– Я возьму то, что захочу, – заявила она. – Мне уже двадцать один год. Я же говорила тебе, что я...
– Что ты что?
– Что я гораздо старше, чем кажется. Можешь проверить, раз уж ты такой весь из себя детектив. Мне исполнился двадцать один год шесть дней назад. Так что пока.
И она повесила трубку.
Ну, подумал я... Ну-ну.
Было ровно девять вечера, когда я прочел аккуратную табличку: «Луиз Сандерс» и нажал кнопку дверного звонка. Когда она открывала дверь, прозвенел гонг и продолжал долго звенеть у меня в голове, потому что на этот раз на ней была кожа темно-красного цвета, и размер в размер. Это платье гладко лежало без помощи бретелей на ее высокой груди, облегало тонкую талию, сияло на изогнутой линии бедер и падало изящными складками до самого пола.

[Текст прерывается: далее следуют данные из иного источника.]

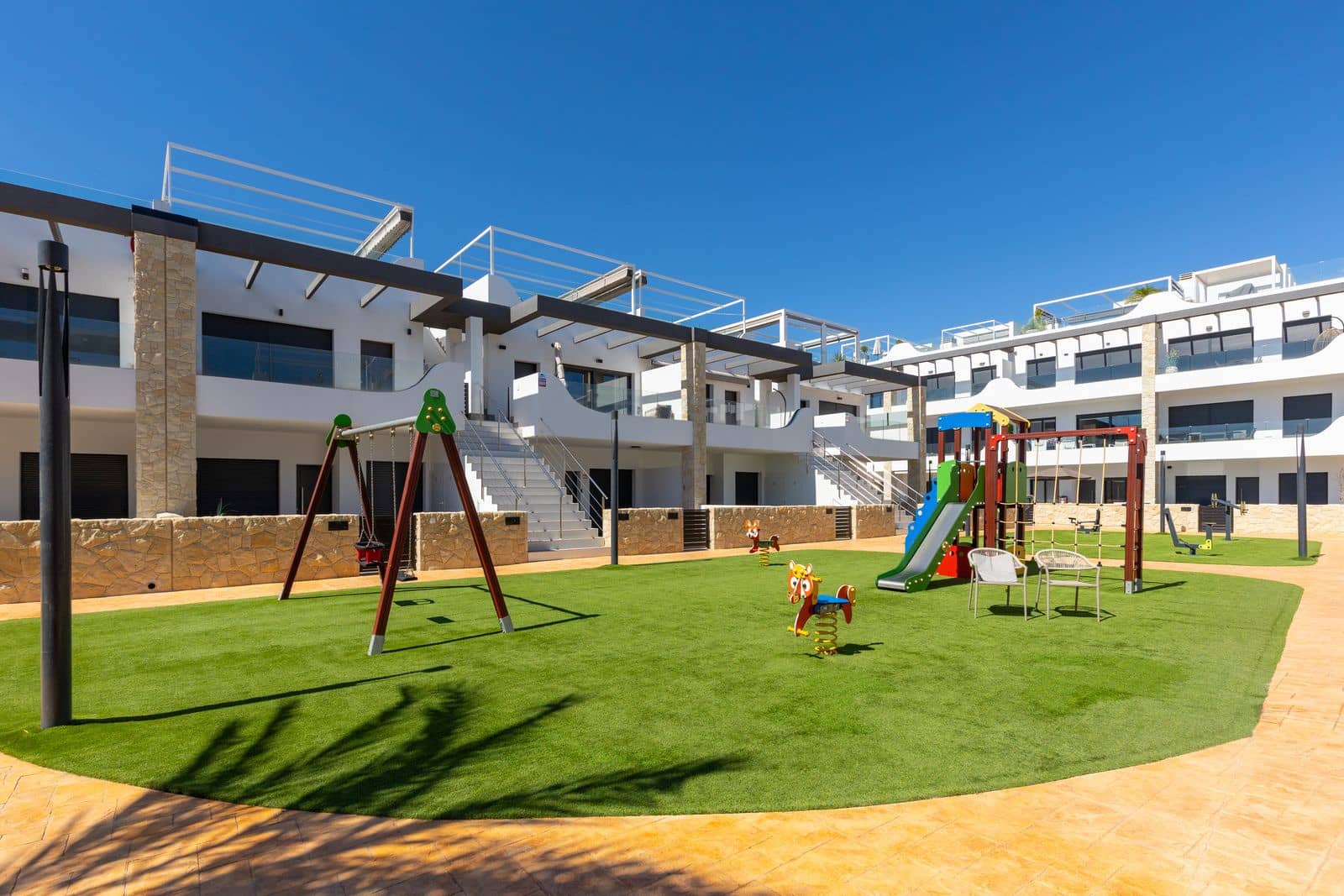 2 sovrum Takvåning till salu i Orihuela Costa - 349 900 € (Ref: 9958132)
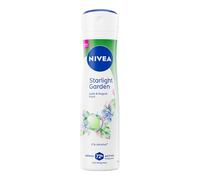 NIVEA Deodorante Spray Starlight Garden 150 ml, Deodorante donna al profumo di Mela e Mughetto, Deo spray antitraspirante per una protezione 72h, Delicato, Senza alcool, Tutti i tipi di pelle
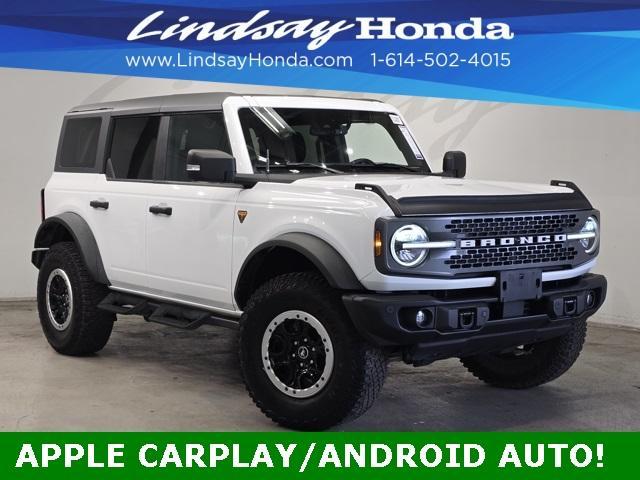 used 2023 Ford Bronco car, priced at $47,988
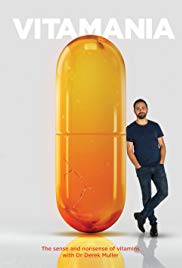 Vitamania: The Sense and Nonsense of Vitamins (2018) M4uHD Free Movie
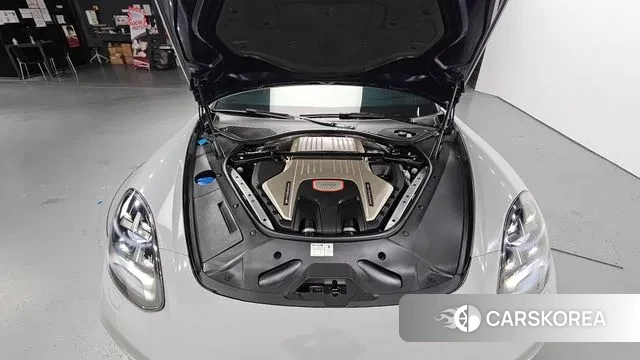 Porsche Panamera (971) id 3692353 из Кореи 16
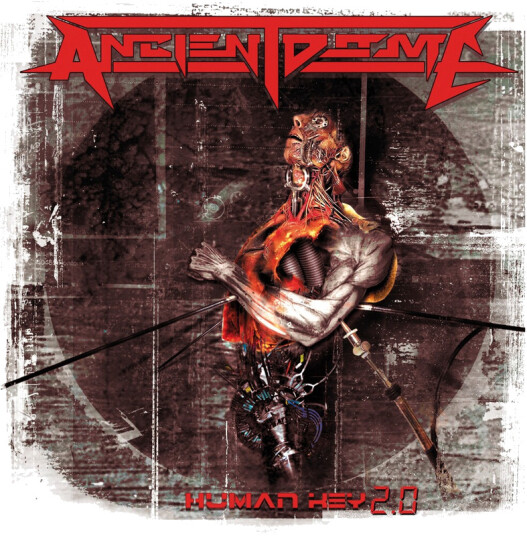 Ancient Dome Human Key 2.0 CD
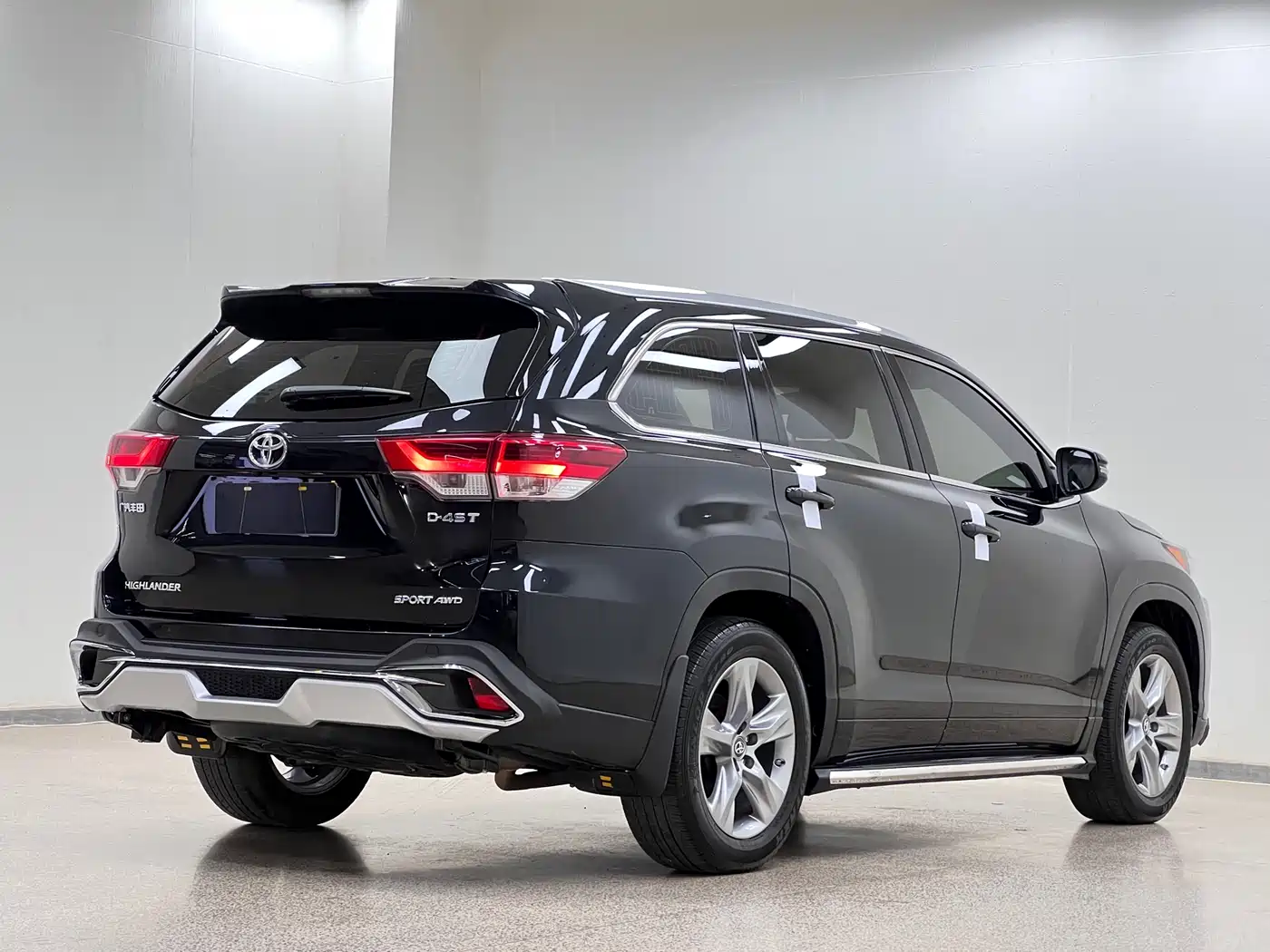 Toyota Highlander 2021 2.0T AWD Luxury 7-Seater фото 30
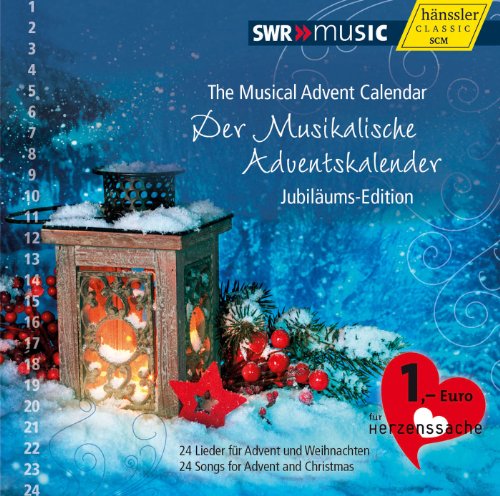 Various - Der Musikalische Adventskalender [Jubiläums-Edition]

– Входи, – пригласила она. – Ты необыкновенно точен. И знаешь что? Вся моя головная боль куда-то уплыла.
Я не сводил с нее глаз.
– А знаешь, я сам тоже куда-то поплыл. Ты выглядишь прелестно, Луиз.
– Спасибо, – сказала она. – Ты тоже вполне прелестен. Этот смокинг сидит как влитой.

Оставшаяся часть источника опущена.